Однако же прошло уже несколько дней, а она ничего не могла придумать, как вдруг случаи привел в ее дом личность, на помощь которой она почти не смела рассчитывать.

В ночь после праздника святого Франциско, когда в залах госпожи Делакур представлялись живые картины, в которых на этот раз для Франциско де Ассизи участвовали знаменитые наездницы цирка Олидия и Жозефа, один из ливрейных лакеев вызвал хозяйку в парк, где ее ожидали две женщины, настойчиво требовавшие переговорить с ней. Госпожа Делакур с досадой последовала за лакеем. Она испугалась, увидав перед собой старую одноглазую Марию Непардо, покрытую лохмотьями и с ней бедно одетую девушку. Госпожа Делакур принуждена была любезно улыбнуться, потому что эта одноглазая обитательница острова на Мансанаресе оказала ей несколько лет тому назад такую важную услугу, что она поневоле должна была простить своей помощнице это внезапное появление.

Госпожа Делакур подумала, что старуха обращается к ней с просьбой о подаянии, поэтому она с любезнейшей улыбкой вынула из кармана платья туго набитый кошелек и вынула из него несколько золотых монет. Одноглазая Мария Непардо, стоявшая рядом с дрожавшей Энрикой, жадно косилась своим единственным глазом на блестящие монеты и не противилась принять их от госпожи Делакур, когда последняя подала их ей со словами:

— Кажется, дела ваши не очень хороши, Мария Непардо. Я обязана вам за старое, возьмите эти деньги.

Старуха покачала головой.

— Мы пришли к вам не за деньгами, — сказала она, — а за кровом. Я знаю вас и уверена, что вы не вытолкнете нас за дверь в эту холодную ночь, когда нас преследуют сыщики инквизиции.

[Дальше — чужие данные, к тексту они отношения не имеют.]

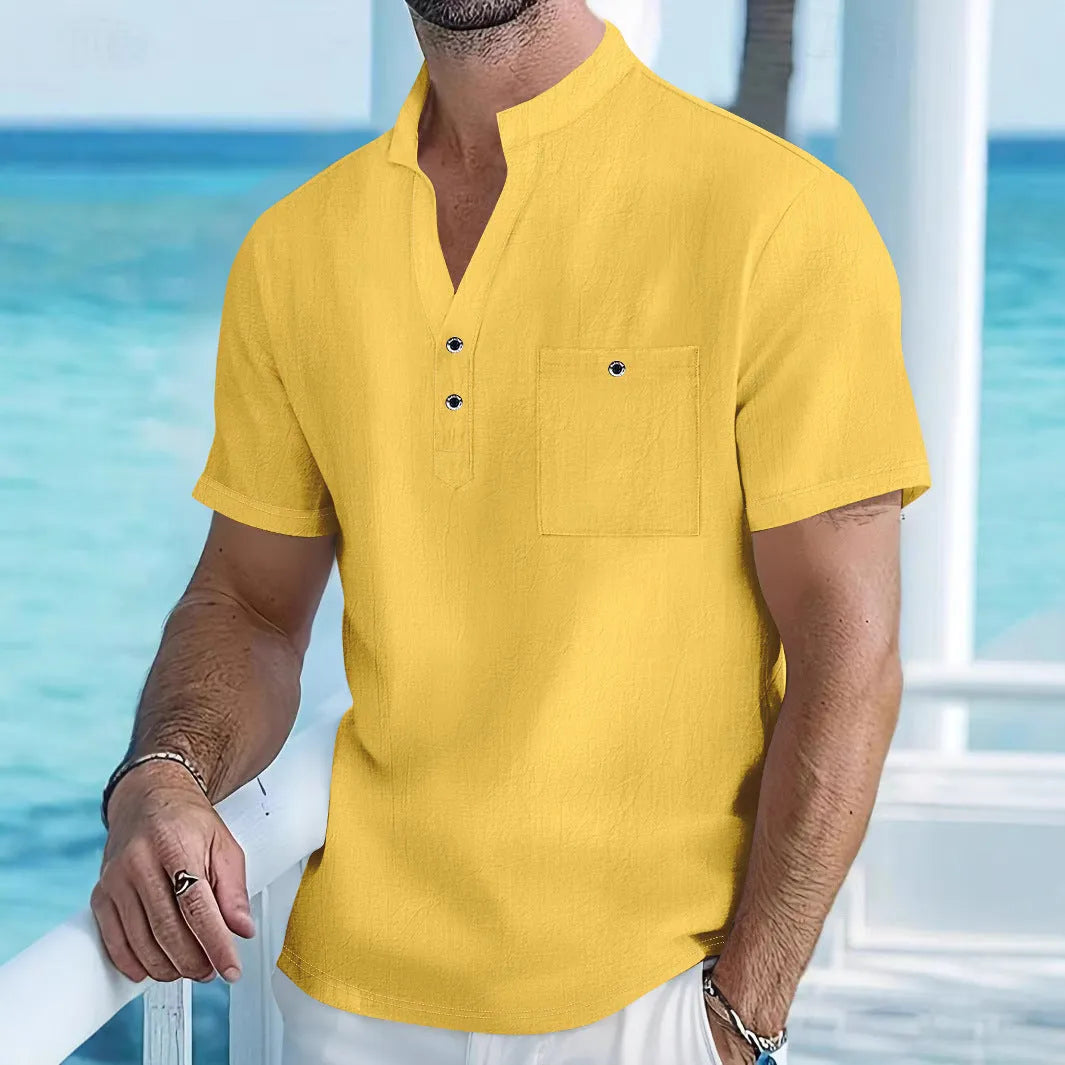 Man wearing a light apricot-coloured linen stand collar short sleeve shirt with a loose fit.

Госпожа Делакур не на шутку испугалась.

— Как, вы хотите остаться у меня? — спросила она. — Кто эта бедная девушка?

— Моя дочь Виана — примите нас, Марион Делакур, у нас нет убежища на ночь.

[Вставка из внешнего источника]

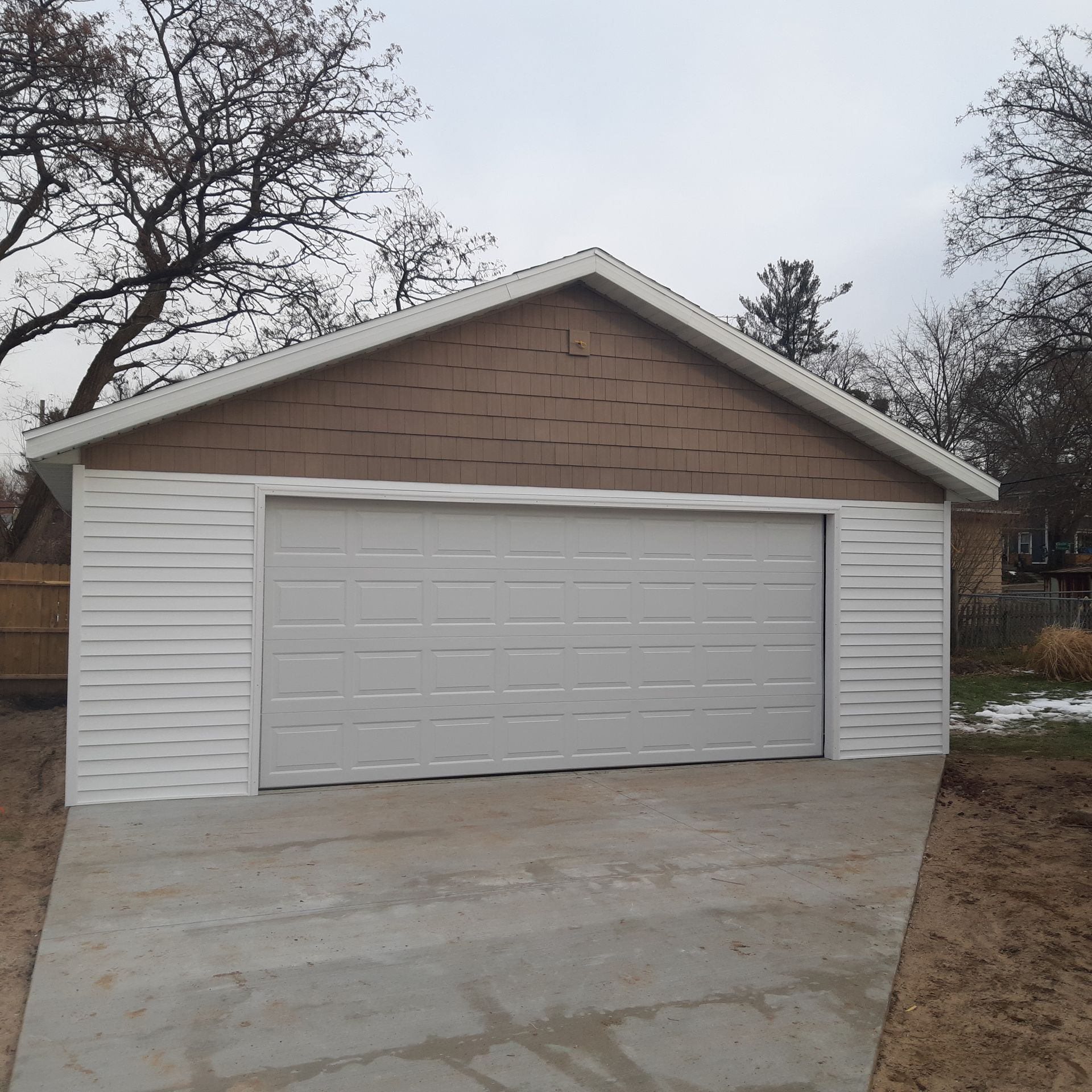 Detached two-car garage with white door and tan siding at the end of a concrete driveway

Довольно полная и еще хорошо сохранившаяся хозяйка дома задумалась и устремила в землю глаза, которые до сих пор проницательно глядели на Энрику.

— Ваша дочь Виана еще чиста и невинна? — спросила она наконец.

— Чиста и невинна! Как можете вы сомневаться в этом, сеньора Делакур?

— Ну, так пойдемте. Я вас приму у себя на эту ночь и дам комнату вам в заднем флигеле, рядом с моими покоями. Лакей принесет вам ужин и другие платья. Вы, кажется, обе очень утомлены? Который год вашей дочери, Мария Непардо?

— Виане двадцать лет, — прошептала одноглазая. Между тем Энрика, совершенно не понимавшая цели

старой Непардо, ушла в отдельно стоявший флигель.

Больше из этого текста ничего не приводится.